I have an application writing data to Google Cloud pubsub and as per the documentation of pubsub, duplicates due to retry mechanism is something that can happen once in a while. There is also the issue of out-of-order messages which is also not guaranteed in pubsub.

Also per documentation, it is possible to use Google Cloud Dataflow to deduplicate these messages.

I want to make those messages available in a messaging queue (meaning cloud pubsub) for services to consume and cloud Dataflow does seem to have a pubsubio writer however wouldn't you be getting back to the exactly the same problem where writing to pubsub can create duplicates? Wouldn't that also be the same issue with order? How can I stream messages in order using pubsub (or any other system for that matter)?

Is it possible to use cloud dataflow to read from a pubsub topic and write to another pubsub with guarantees of no duplicates? If not how else would you do this that supports streaming for a relatively small amount of data?

Also I am very new to Apache beam/Cloud Dataflow. How would such a simple use case look like? I suppose I can deduplicate using the ID generated by pubsub itself, as I am letting the pubsub library do its internal retry rather than do it myself so the ID should be the same on retries.

2

2 Answers

3
votes

It would not be possible to use Cloud Dataflow to read from a Pub/Sub topic and write to another Pub/Sub topic that can guarantee no duplicates. Duplicates can happen in one of two ways:

  1. The publisher publishes the same message twice. From the Pub/Sub service's perspective, these are two individual messages and both will be delivered. This can happen if, for example, the publisher does a publish and it fails with a DEADLINE_EXCEEDED and the publisher retries. In this situation, it is possible that the first publish attempt actually did succeed, but the response was not delivered back to the publisher in time.

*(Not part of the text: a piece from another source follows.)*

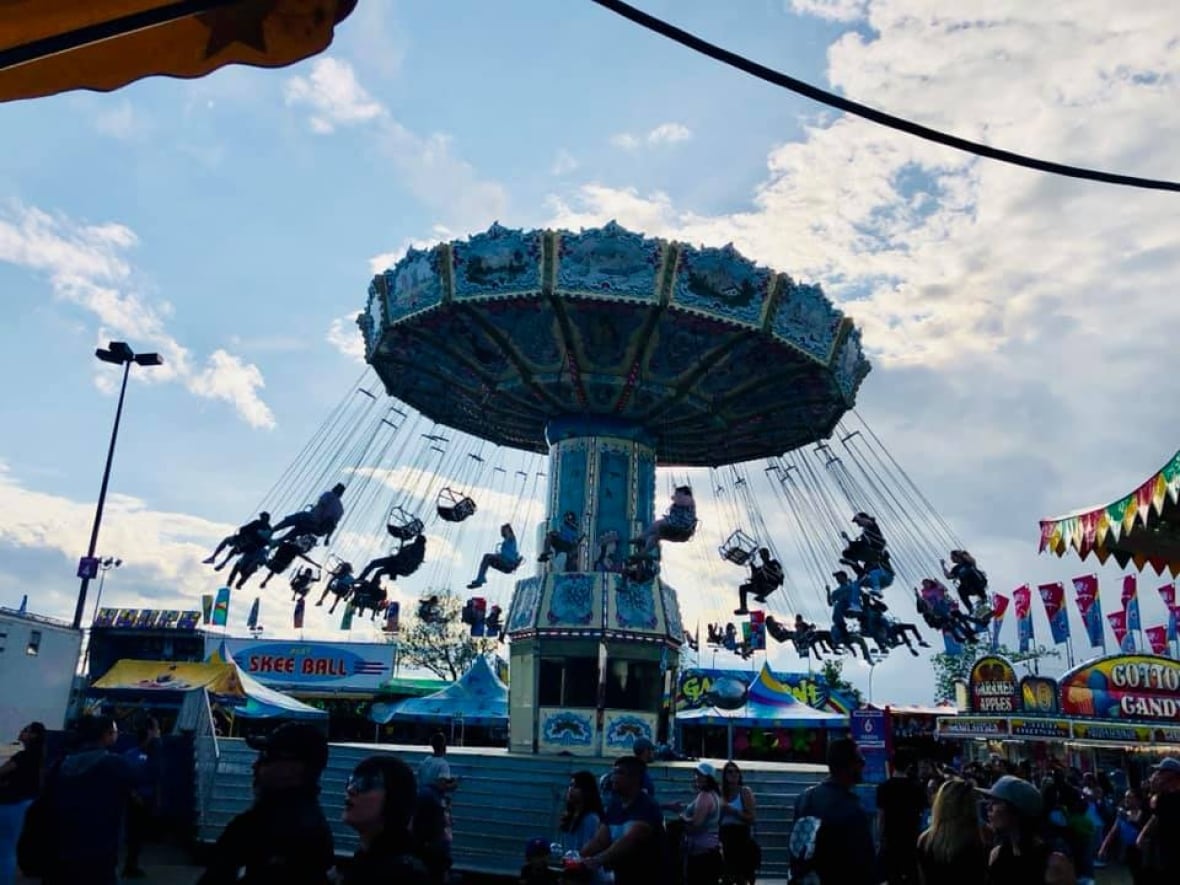 People sit in swings at a ride at a carnival.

  2. The Pub/Sub service delivers a message to the subscriber and either it does not acknowledge that message or that ack is lost in transit back to the service. Pub/Sub has at-least-once delivery guarantees. One main source of this is the fact that acks are best effort, meaning even if the subscriber sends an ack, it may not make it all the way back to the service, e.g., if there is a network interruption.

Given these two different modes of duplicates, the only way to dedupe messages is to do it in the final subscriber receiving the messages, either via Dataflow or some other mechanism, e.g., writing the IDs received down in a database. Note that in either case, it may not be sufficient to use the IDs generated by the Pub/Sub service since duplicate publishes are possible in the event of requests retried after an error.

3
votes

Cloud Dataflow / Apache Beam are mac trucks. They are designed for parallelization of large data sources / streams. You can send huge amounts of data to PubSub but detecting duplicates is not a job for Beam as this task needs to be serialized.

Reading PubSub and then writing to a different topic does not remove the issue of duplicates as duplicates can happen on the new topic that you are writing to. Also, parallelization of queue writes further increases your issue of out of order messages.

The problem with duplicates needs to be solved on the client side that reads from the subscription. A simple database query can let you know that an item has already been processed. Then you just discard the message.

Handling out of sequence messages must be designed into your application also.

PubSub is designed to be a lightweight inexpensive message queue system. If you need guaranteed message ordering, no duplicates, FIFO, etc. you will need to use a different solution which of course is much more expensive.